→ **WORK TO COMPLETE**
Word-for-word transcription is needed for all of the entries.

→ **DATA PROVIDED**
※

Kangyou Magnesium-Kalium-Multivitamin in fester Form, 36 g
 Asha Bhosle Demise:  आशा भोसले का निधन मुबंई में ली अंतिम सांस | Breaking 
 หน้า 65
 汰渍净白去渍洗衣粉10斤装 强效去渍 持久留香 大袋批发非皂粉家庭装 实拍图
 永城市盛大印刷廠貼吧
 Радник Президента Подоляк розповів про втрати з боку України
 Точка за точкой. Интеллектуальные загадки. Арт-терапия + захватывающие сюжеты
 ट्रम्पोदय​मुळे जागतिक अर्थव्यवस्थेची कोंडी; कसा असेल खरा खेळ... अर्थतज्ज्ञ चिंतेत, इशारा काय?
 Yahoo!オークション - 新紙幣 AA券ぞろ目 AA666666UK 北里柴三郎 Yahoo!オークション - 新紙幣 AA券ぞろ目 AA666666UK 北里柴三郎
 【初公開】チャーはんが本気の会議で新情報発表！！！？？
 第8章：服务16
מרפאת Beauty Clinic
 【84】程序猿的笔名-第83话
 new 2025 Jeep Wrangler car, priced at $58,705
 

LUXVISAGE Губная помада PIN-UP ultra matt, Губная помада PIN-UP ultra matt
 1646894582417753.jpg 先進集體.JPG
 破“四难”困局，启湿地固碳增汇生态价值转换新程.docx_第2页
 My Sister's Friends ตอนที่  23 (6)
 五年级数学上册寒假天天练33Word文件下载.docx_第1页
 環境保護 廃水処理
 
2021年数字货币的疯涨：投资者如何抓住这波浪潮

※

→ **OUTPUT OF THE TASK**
Kangyou Magnesium-Kalium-Multivitamin in fester Form, 36 g
 Asha Bhosle Demise:  आशा भोसले का निधन मुबंई में ली अंतिम सांस | Breaking 
 หน้า 65
 汰渍净白去渍洗衣粉10斤装 强效去渍 持久留香 大袋批发非皂粉家庭装 实拍图
 永城市盛大印刷廠貼吧
 Радник Президента Подоляк розповів про втрати з боку України
 Точка за точкой. Интеллектуальные загадки. Арт-терапия + захватывающие сюжеты
 ट्रम्पोदय​मुळे जागतिक अर्थव्यवस्थेची कोंडी; कसा असेल खरा खेळ... अर्थतज्ज्ञ चिंतेत, इशारा काय?
 Yahoo!オークション - 新紙幣 AA券ぞろ目 AA666666UK 北里柴三郎 Yahoo!オークション - 新紙幣 AA券ぞろ目 AA666666UK 北里柴三郎
 【初公開】チャーはんが本気の会議で新情報発表！！！？？
 第8章：服务16
מרפאת Beauty Clinic
 【84】程序猿的笔名-第83话
 new 2025 Jeep Wrangler car, priced at $58,705
 

LUXVISAGE Губная помада PIN-UP ultra matt, Губная помада PIN-UP ultra matt
 1646894582417753.jpg 先進集體.JPG
 破“四难”困局，启湿地固碳增汇生态价值转换新程.docx_第2页
 My Sister's Friends ตอนที่  23 (6)
 五年级数学上册寒假天天练33Word文件下载.docx_第1页
 環境保護 廃水処理
 
2021年数字货币的疯涨：投资者如何抓住这波浪潮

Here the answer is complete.